The Blog of Daniel

Just my place to write without any delusions of self-importance.

How Daniel hikes.

CactusToday I did the Blevins Trail at Usery Mountain Regional Park.  The Blevins Trail is named after the infamous Montague Horatio Blevins who blazed this trail with his sole Indian guide Saguarogawea in the late 1700's.  Actually, that's all load of crap and I have no idea who the trail is named after but if I had to guess he was either very nice or a notorious outlaw.  I'll Google it later.  Anyway, it's an easy 3 mile loop.

So how does Daniel hike?

First of all, I take my sweet old time.  Some people do it for their daily cardio workout or preparing for a race.  I don't.  I do it because the desert is beautiful and it gives me a lot of time for quiet thought.  I enjoy it.
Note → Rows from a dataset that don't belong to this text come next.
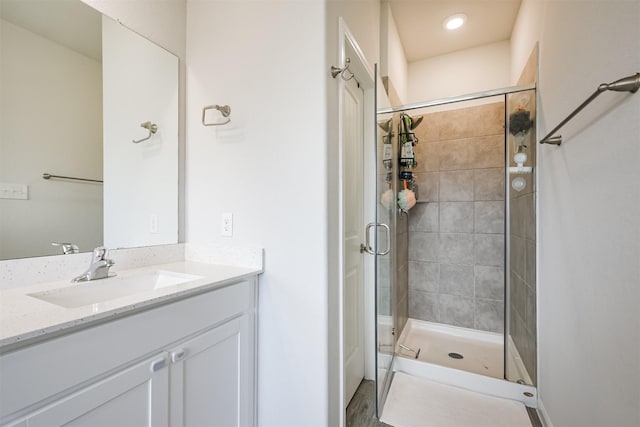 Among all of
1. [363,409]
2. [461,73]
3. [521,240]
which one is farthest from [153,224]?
[461,73]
One really shouldn't have to qualify their personal pleasures but I only mention it because many years ago I was listening to a conversation between two people and the subject was about a man who was a recent paraplegic and he made the news by climbing El Capitan in Yosemite National Park.  One of them said that the guy only did it because he was not willing to accept his disability and was trying to prove that he could do the same things normal people do.  Of course this is bullshit because the guy was climbing El Capitan long before his accident and wasn't about to give up his first love just because he lost the use of his legs.
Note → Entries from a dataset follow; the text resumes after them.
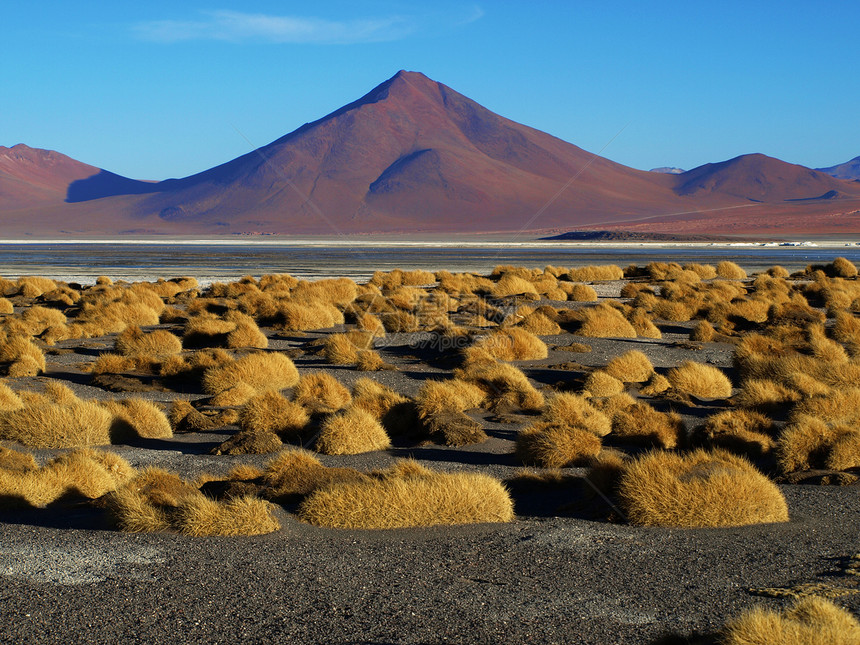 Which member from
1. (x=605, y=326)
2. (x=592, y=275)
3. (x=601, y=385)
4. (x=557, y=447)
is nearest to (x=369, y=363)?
(x=601, y=385)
What I take with me depends on the duration and temperature.

For quickie hikes I just bring a simple water bottle belt with an aluminum water bottle.  In the tiny zippered section of the belt there is enough room for a little Swiss army knife, compass, a whistle and an LED flashlight if it gets dark.  For longer hikes, I have a larger hip pack that holds 2 one litre water bottles, food, small first aid kit, emergency poncho and all of the previously mentioned items.  For full day hikes, I have my trusty Ultimate Direction Voyager fastpack which holds everything previously mentioned plus about a gallon of water in its water bottles and CamelBak insert.  If I'm near water and it's hot, I also carry a water filter.
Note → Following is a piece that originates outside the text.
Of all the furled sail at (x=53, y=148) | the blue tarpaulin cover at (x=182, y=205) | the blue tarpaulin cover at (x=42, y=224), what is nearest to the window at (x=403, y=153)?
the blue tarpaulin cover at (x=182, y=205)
In each case I have a well broken in pair of hiking boots which I wear with silk liner socks and wool outer socks.  Though I cannot remember the name of the chemical, the boots have something in it that makes them not slip on wet surfaces.  They have excellent grip and I cannot remember ever sliding on even the most steep and wet gravelly incline.  For balance I always have at least one adjustable hiking pole.

What do other people take?  I really don't know but this has always worked well for me.